Did you know that the particles on Mars are so tiny that they're called "fines"? They get everywhere, including through traditional seals and filters. But I guess "Red Fines Rebellion" sounded lame.

Volko Ruhnke’s COIN System sure has come a long way since Andean Abyss. It’s sobering to realize that it’s been twelve years since we stalked the mountains of Colombia for drug cartels and Communist insurgents. The system has always prioritized certain assumptions about adversarial state-building, but now, in its twelfth volume, with multiple spin-offs and grandchildren padding its family tree — not the least of which is Cole Wehrle’s Root — the main series has taken a hard left turn into the speculative. We’re a long way from those history classrooms and CIA factbooks now, grandpa.
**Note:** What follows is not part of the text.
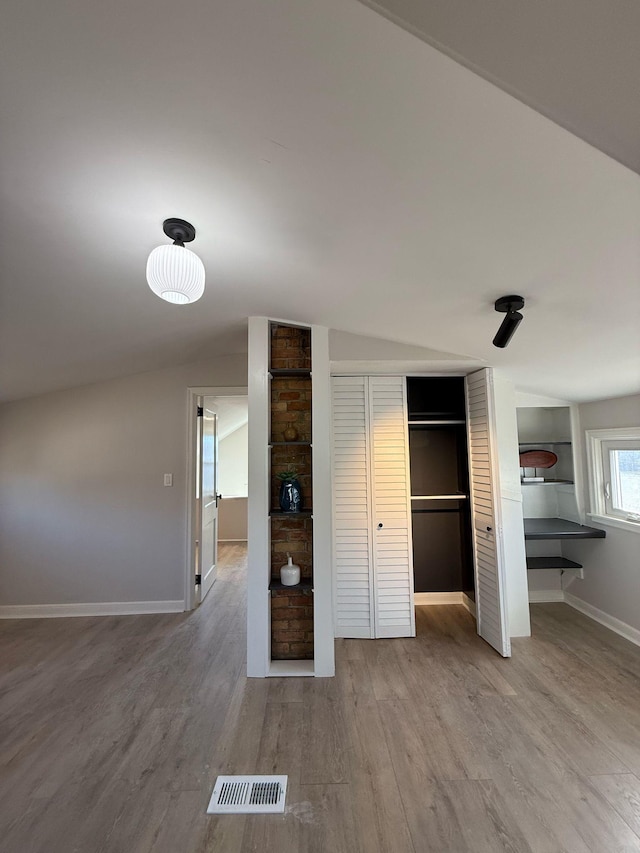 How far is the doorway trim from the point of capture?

Red Dust Rebellion is the first game by Jarrod Carmichael, although we took an early look at his forthcoming Shadow Moon Syndicates a couple months back. For the most part, this project is a surprisingly cozy fit for the COIN Series. Set two hundred years in the future, give or take, the usual geopolitical boundaries have been redrawn thanks to the game’s remote setting, the red planet itself. What’s that phrase about how history doesn’t repeat itself, but often rhymes? Yeah. That. Even thought it takes place 140 million miles away, Red Dust Rebellion is so familiar that it might as well be a roadmap.